Showing posts with label secondary characters. Show all posts
Showing posts with label secondary characters. Show all posts

Thursday, February 10, 2011

Objectifying Men: Genuine Ken

 
So, for those of you who are going... what on Earth is this? Here is some backstory.  In 2004, Barbie and Ken broke up, she wanted to date a surfer, her career(s) had clearly outstripped his and she wanted to move on with her life, sew wild oats, etc... Regardless, she was IMMEDIATELY dating a blonde Australian surfer. Don't believe me? Here's an article for BusinessWeek that goes into the whole thing in more depth

So, years later, the Internet age has led to Barbie and Ken going... transmedia. Barbie Tweets, Ken Tweets, and now Ken has launched a nationwide multi platform marketing campaign to get her to take him back. Now, with Barbie flying to Mercedes Benz Fashion Week and Valentines Day Monday, we're all wondering... Will They Get Back Together????? 
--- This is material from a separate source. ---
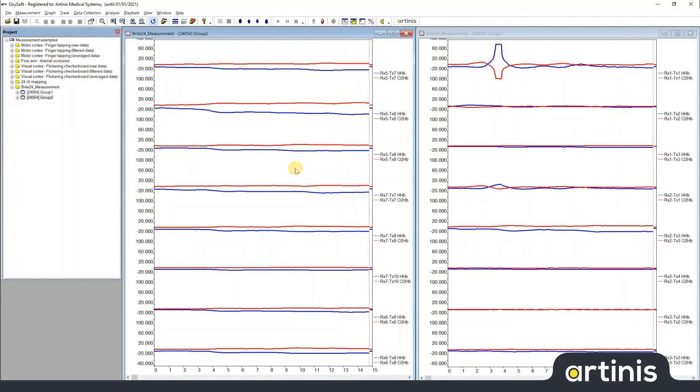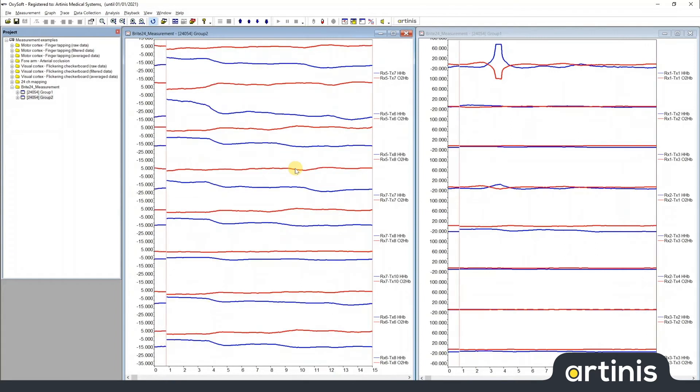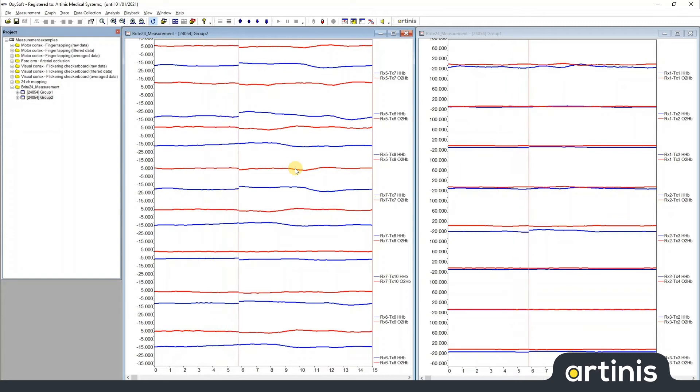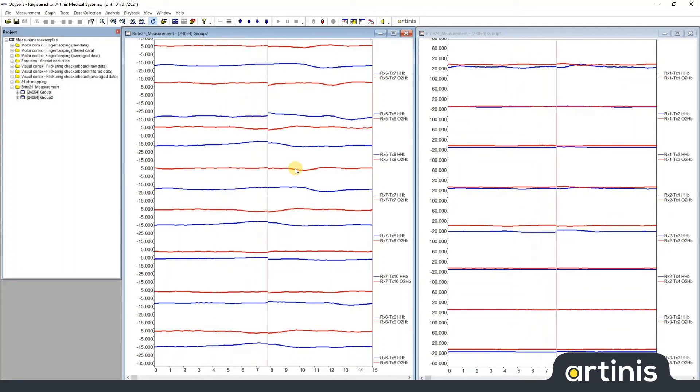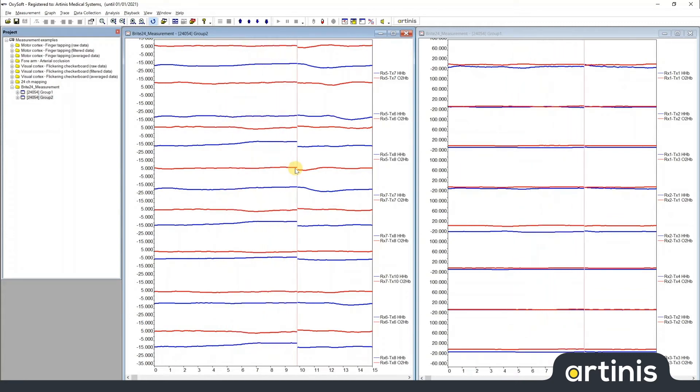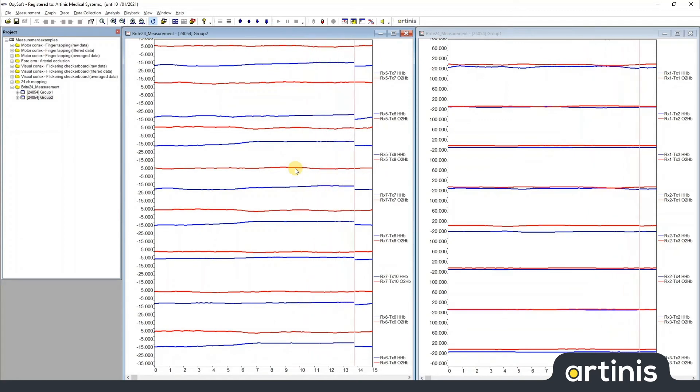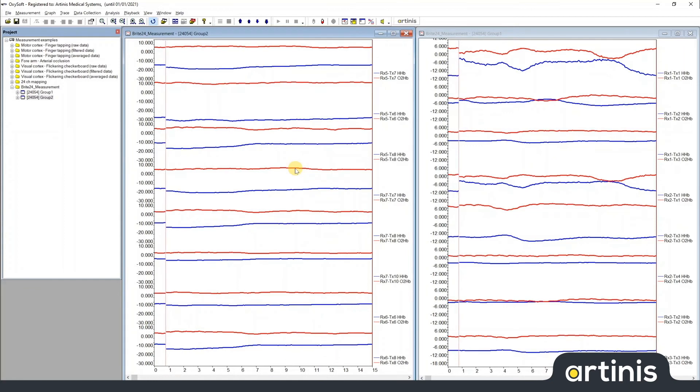The LSL event stream is automatically started as soon as you start your LSL data stream. The data is presented in an LSL stream with the name Oxysoft. The events are presented in a separate stream with the name Oxysoft events.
At least some people are, people who post to Ken's facebook page and respond to his tweets and who are voting in the online polls and so on. His facebook page also aggregates all the content being created (suspiciously all licensees of Mattel's) to support the campaign to get her back. You can vote here at BarbieandKen.com


 ... and this phenomenological display at Dylan's Candy Bar in Manhattan  

Anyway, you get the gist of all this. Something is going down at fashion week and 

Barbie and Ken are really familiar to people the world over, have been for decades.  With that and they've been parodied and played with endlessly by millions. Toy Story 3 did some great things with the pair. 
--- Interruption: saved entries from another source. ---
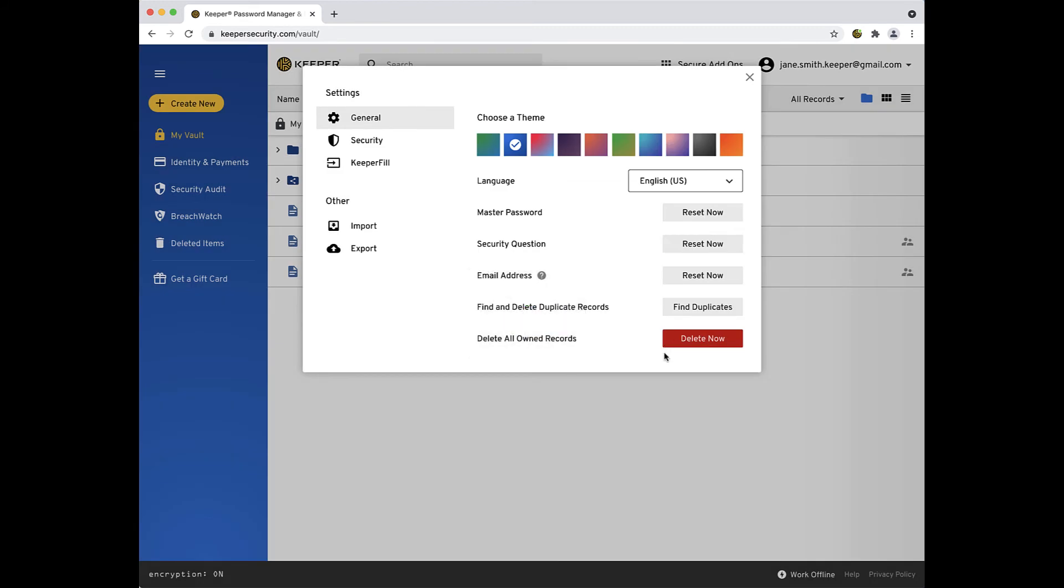Now that you've set up account recovery, you can reset your master password if you ever forget it by clicking the Need Help button at the login screen and following the prompts.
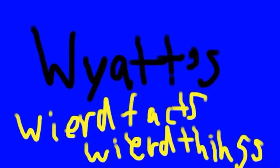Hello, ladies and gentlemen, and welcome to Why It's Weird Facts About Weird Things. Today's episode: Computers. Let's get started.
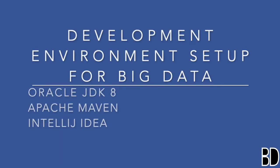This video explains how to set up the development environment for big data on Windows 10. This involves installing Oracle JDK 8, Apache Maven, and IntelliJ.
They're just now getting "voices" of their own online, though Barbie has been defining herself more clearly to her audience in narratives for years in films and television spots and games. This is a natural progression of marketing efforts and one I have talked about at some length given that this sort of thing is my job.
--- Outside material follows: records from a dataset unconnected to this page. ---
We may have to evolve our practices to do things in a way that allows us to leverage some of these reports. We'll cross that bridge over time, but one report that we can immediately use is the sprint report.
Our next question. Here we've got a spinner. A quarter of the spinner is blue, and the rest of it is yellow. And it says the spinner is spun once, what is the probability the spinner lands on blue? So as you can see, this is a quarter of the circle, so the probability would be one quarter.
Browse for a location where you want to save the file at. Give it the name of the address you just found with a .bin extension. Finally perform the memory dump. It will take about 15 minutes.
All of this is cute, and interesting to a wide fan base, most notably that of Adults rather than children. Kids overall don't need to be sold on Barbie, but if you want to expand Barbie's market demographics it's sensible to look towards those who once loved her rather than trying to sell boys on the pink plastic dream house. 

Ultimately, very few people need to learn that Barbie and Ken exist, the marketplace is saturated. But as icons, they have grown stale and people have forgotten why they exist and why they're popular. Why they played for hours with them as kids, and why their children probably would. This is not an intellectual process but an emotional one and while it is cheesy and direct that is exactly what Ken and Barbie are all about.

Ken has always been a secondary character in the Barbie Franchise, one who is the butt of so many "no genitals underwear painted on his pants" comments that it doesn't even need to be said anymore. He has always been Barbie's match and has always filled a role that men in the modern era find themselves in more often than it seems they once did, with wildly successful interesting girlfriends with a variety of interests, who often take the spotlight and who want a partner who isn't threatened by that. It is a piece of the zeitgeist that is not explored as thoroughly as it might in other narrative franchises, and that sets the stage for some big things from Barbie.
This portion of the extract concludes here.